Mali Declares Emergency As France Launches Air Strike to Push Back Rebels

Mali is under siege as France tries to hold back the rabid Islamists from flooding southward.

The latest report comes from All Africa.



Mali Declares Emergency As France Launches Air Strike to Push Back Rebels

Mali's interim President Dioncounda Traore Friday declared a state of emergency as government forces battled to hold back al Qaeda-linked Islamist fighters threatening to push south from their northern strongholds.

Also yesterday, France carried out air strikes against the Islamist rebels as it began a military intervention intended to halt a drive southward by the militants who control the country's desert north.

"President Traore has just decreed a state of emergency. The information will be transmitted on national television this evening," an official at the presidency told Reuters, asking not to be named.

The French President Francois Hollande said earlier on Friday that Paris would respond favourably to Mali's request for help, within the limits of United Nations Security Council resolutions, and was ready to move to stop a push by the rebels into new territory.
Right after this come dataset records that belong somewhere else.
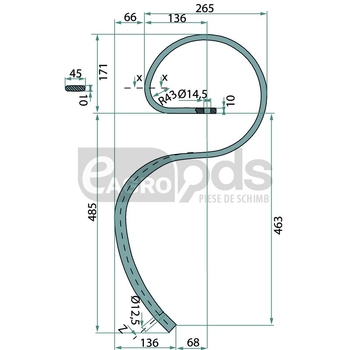 Gheare elastice - GRANIT [1803200644]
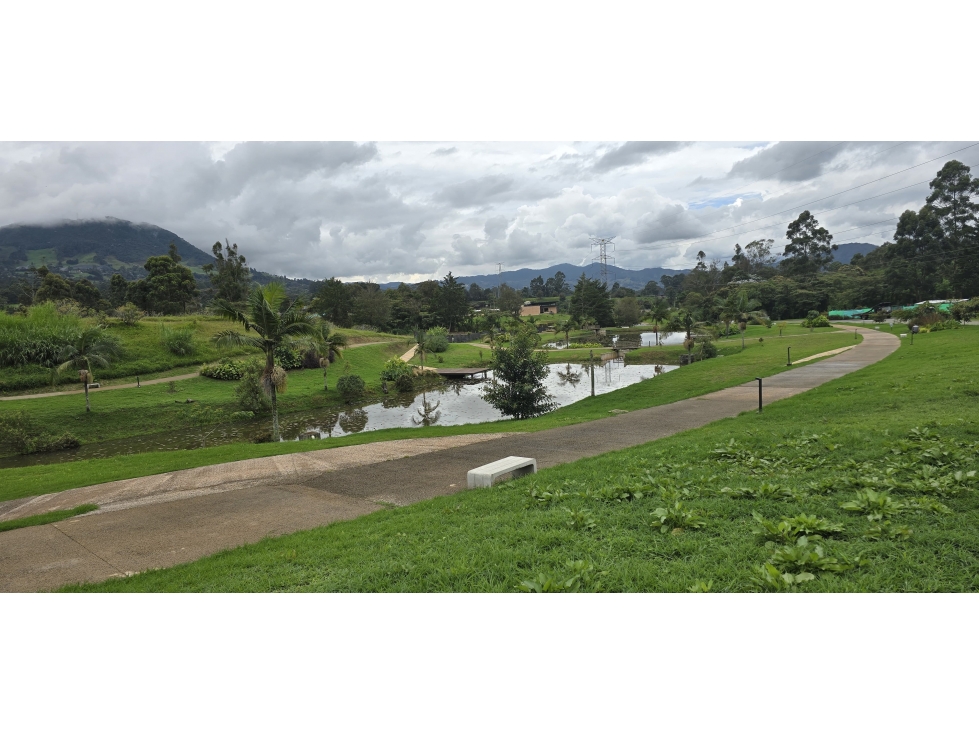 Lote en Reserva Silvestre La Ceja sector el Yarumo — foto 2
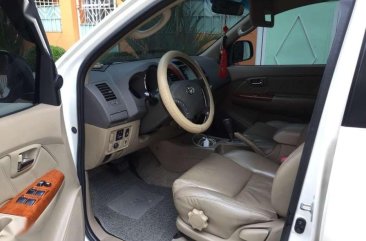2009 Toyota Fortuner G FOR SALE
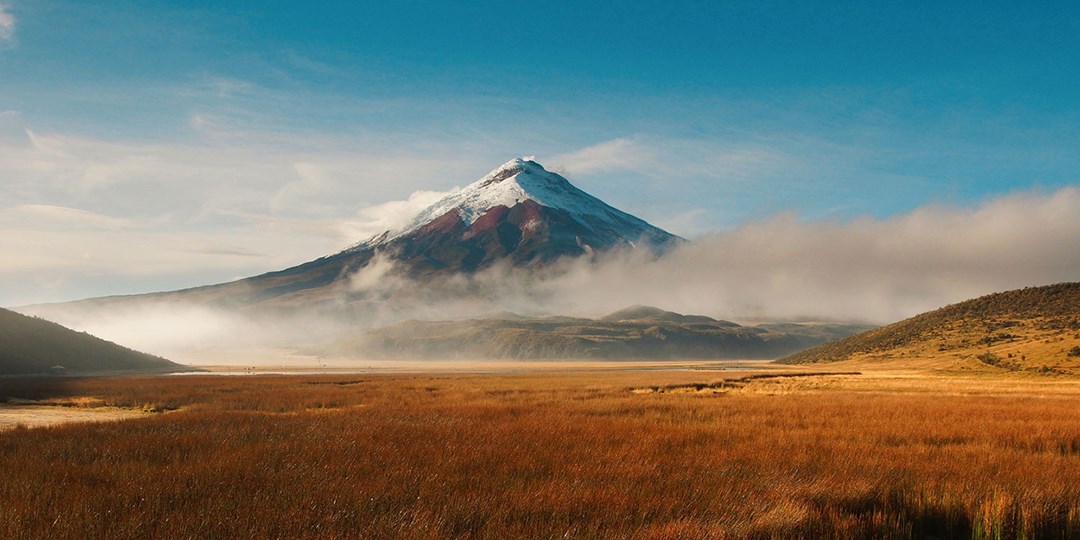 £1724pp—Ecuador 10night tour inc Galápagos w/flights Travelzoo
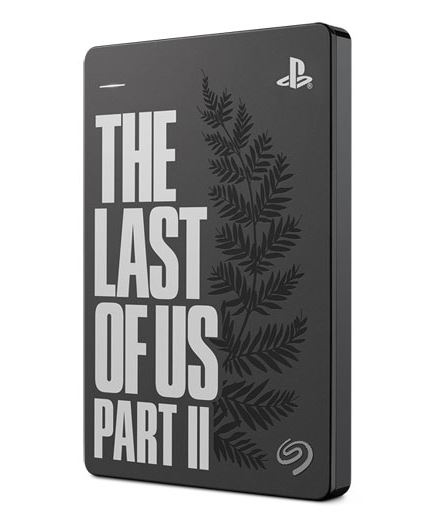 Seagate Game Drive STGD2000202 external hard drive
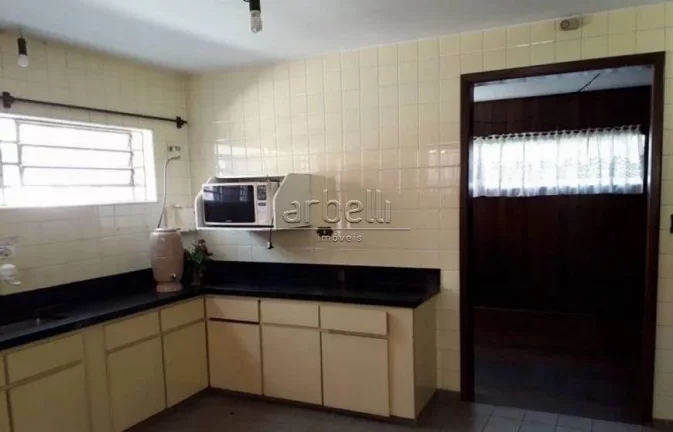 Imagem Sobrado com 329 metros quadrados de área útil, com 4 dormitórios sendo 1 dormitório reversível ...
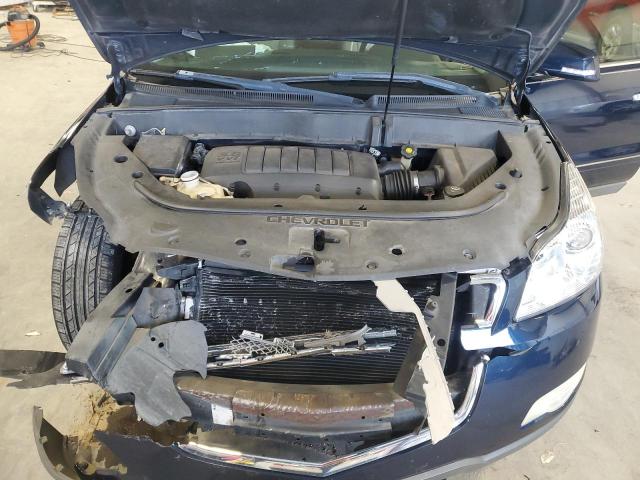 Photo 12 from auction – 2009 CHEVROLET TRAVERSE L with VIN 1GNER33D59S139853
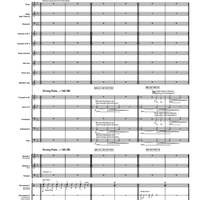 Extra Conductor's Score [Frost Giants 2]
Western governments, particularly former colonial power France, voiced alarm after the al Qaeda-linked rebel alliance captured the central Malian town of Konna on Thursday, a gateway towards the capital Bamako 600 km (375 miles) further south.

President Hollande said France would not stand by to watch the rebels push southward. Paris, the leading advocate for foreign intervention in Mali, has repeatedly warned that Islamists' seizure of the country's north in April gave them a base to attack the West.